▸ Work to be completed: Copy out exactly the stretch below, from the line with "A baby small-sized" through the line with "Rows of skulls", both included; the pictures stay out.

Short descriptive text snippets
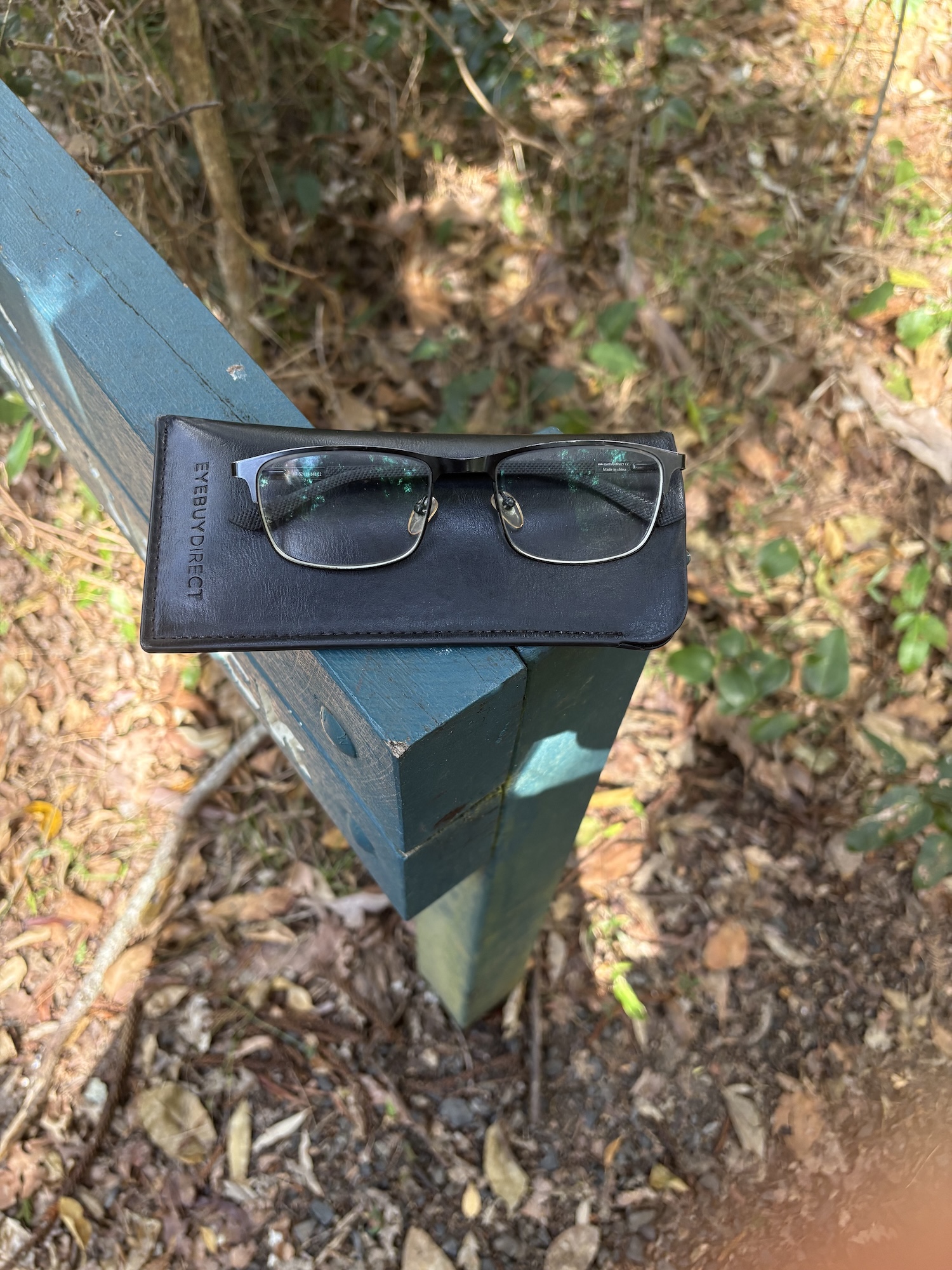 Found glasses Mt Nebo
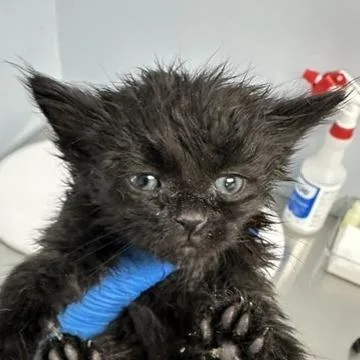 A baby small-sized female Black Domestic Short Hair cat named Jess for adoption in Indianapolis, IN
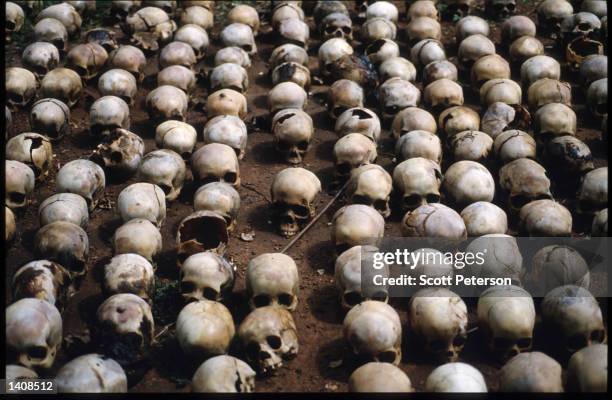 Rows of skulls are lined up on the ground outside a chapel November 6, 1994 in Rwanda. Between half a million and a million people, almost...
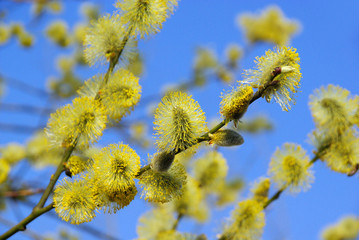 Weidenkätzchen - catkin 42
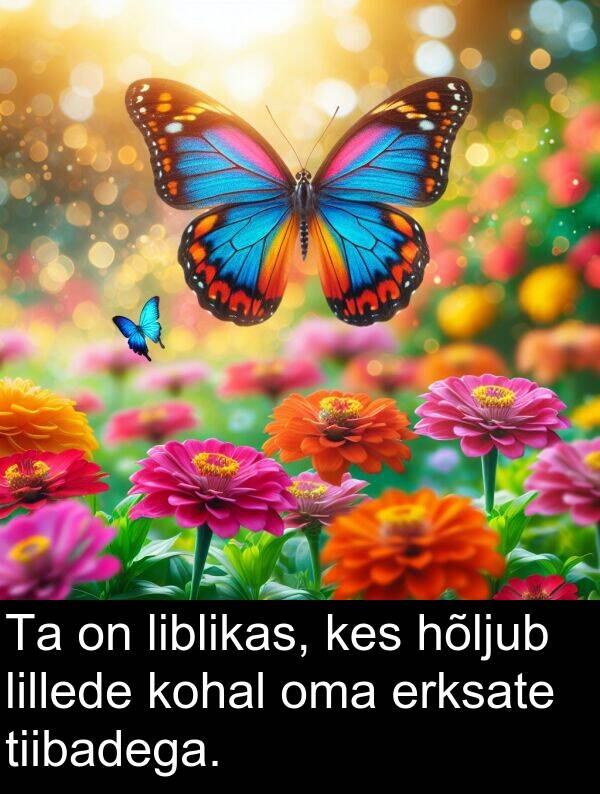 kohal: Ta on liblikas, kes hõljub lillede kohal oma erksate tiibadega.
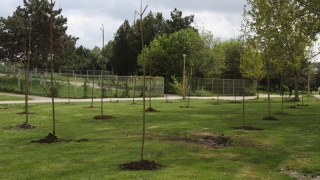 Peste 5.000 de copaci au fost plantați în Constanța, în ultima lună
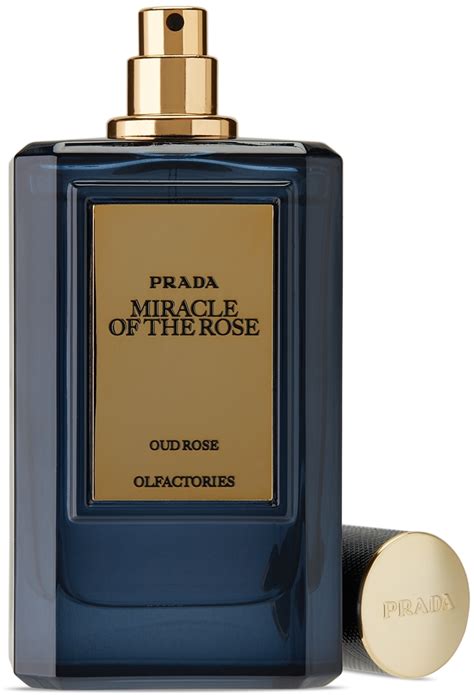 prada oud rose perfume|miracle of the rose prada.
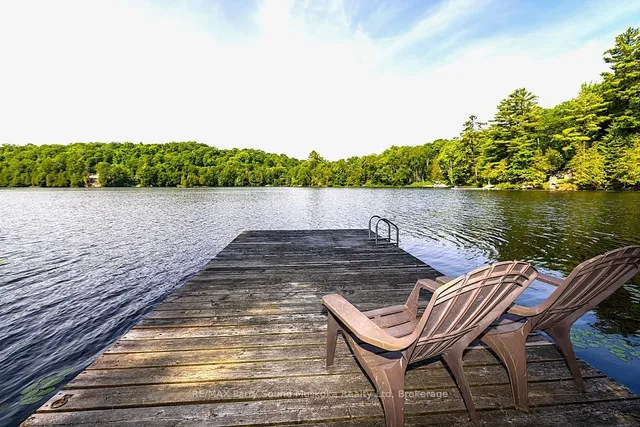 509 Horseshoe Lake WA (Bear Lane), Seguin 4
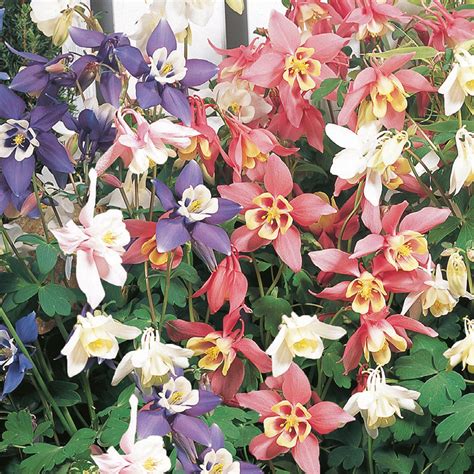 Nature's Haven Aquilegia Spring Magic Mix Seeds - Flowers - Unwins UK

▸ The completed task:
 A baby small-sized female Black Domestic Short Hair cat named Jess for adoption in Indianapolis, IN
 Rows of skulls are lined up on the ground outside a chapel November 6, 1994 in Rwanda. Between half a million and a million people, almost...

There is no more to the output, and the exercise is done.